Your assignment.
What you write must match, character for character, the lines from the one with "fondo arancio di" down to the one with "Young woman with" in the listing below, minus its pictures.

Entries provided.
=====

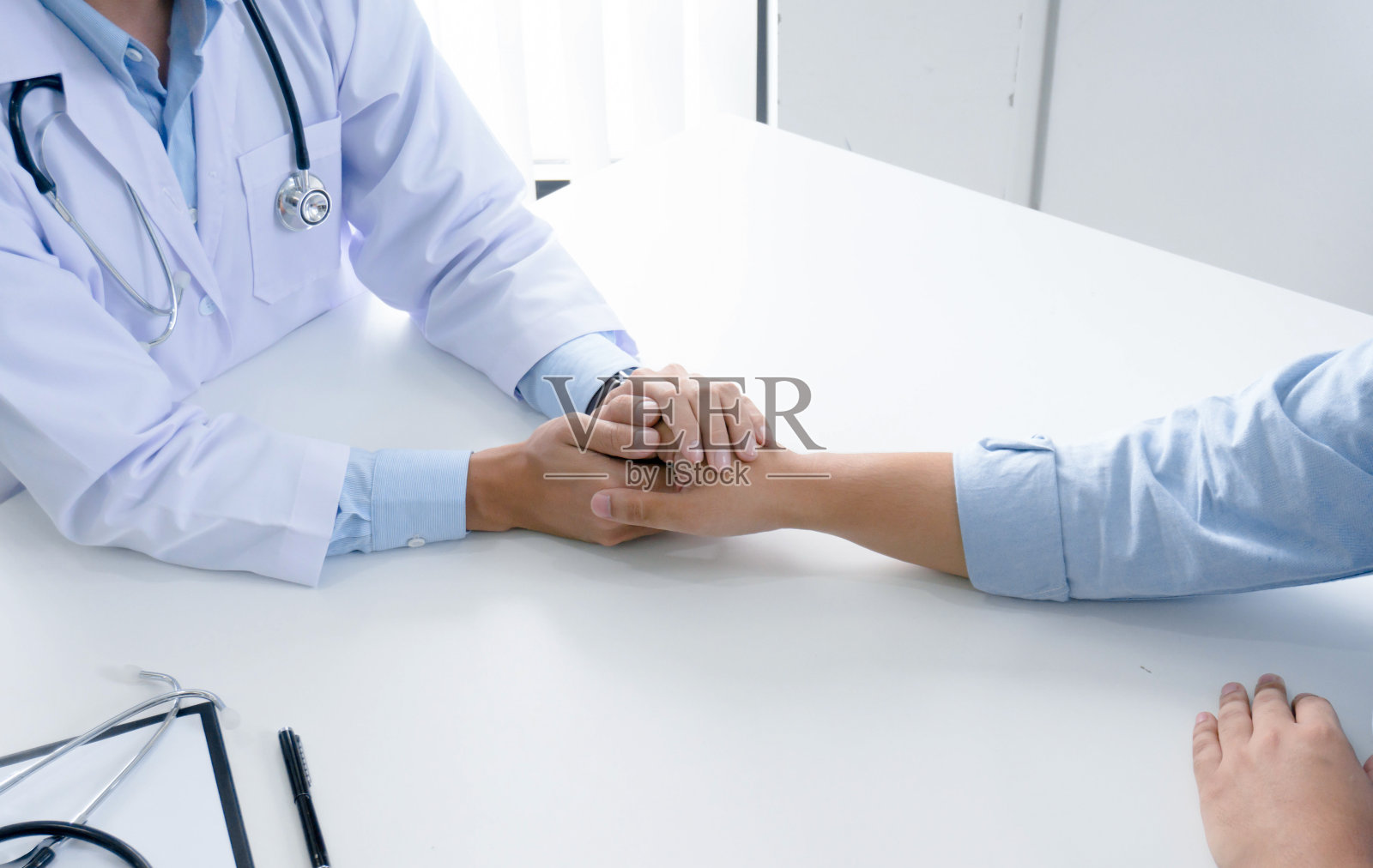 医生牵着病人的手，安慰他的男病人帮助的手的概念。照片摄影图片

=====

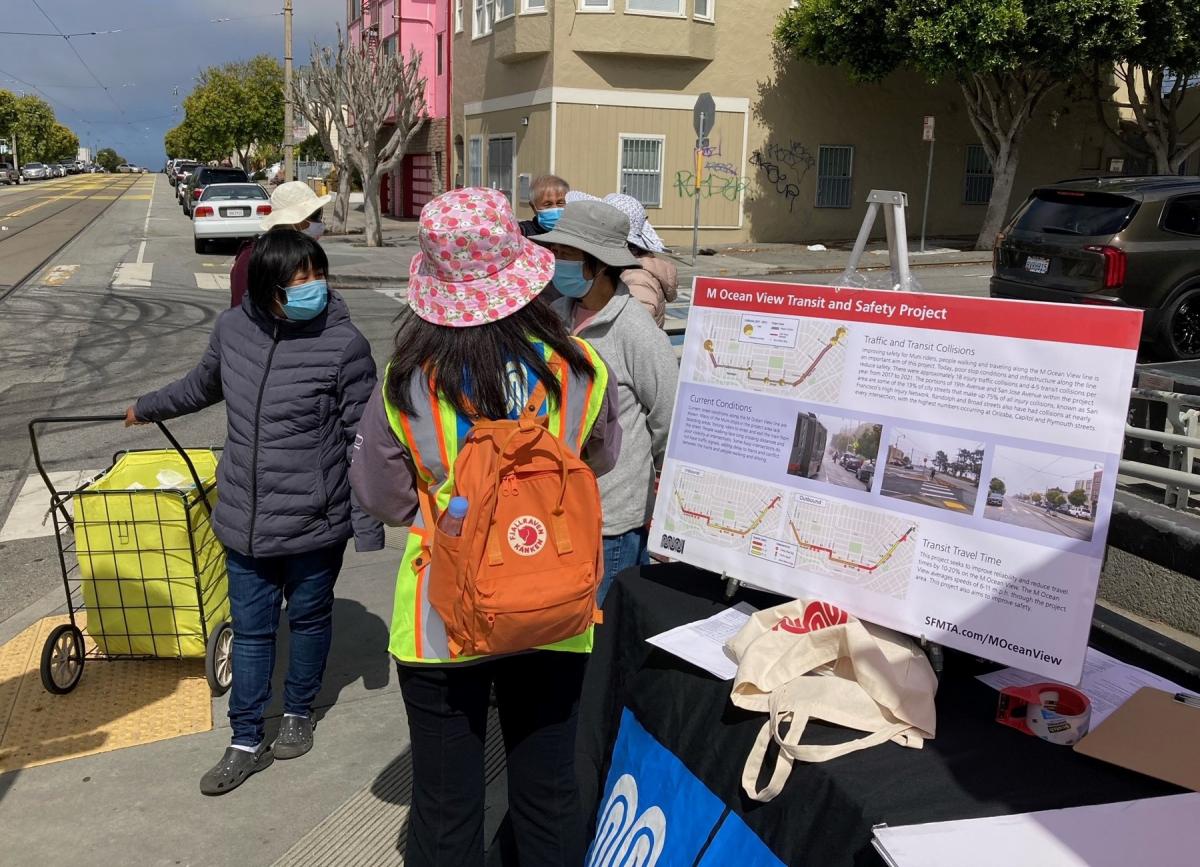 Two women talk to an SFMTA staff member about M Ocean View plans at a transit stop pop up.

=====

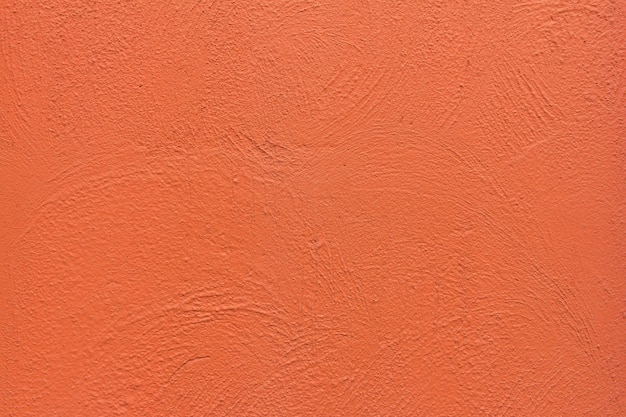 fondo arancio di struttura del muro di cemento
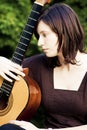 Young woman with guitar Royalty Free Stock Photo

=====

Exercise output.
 fondo arancio di struttura del muro di cemento
 Young woman with guitar Royalty Free Stock Photo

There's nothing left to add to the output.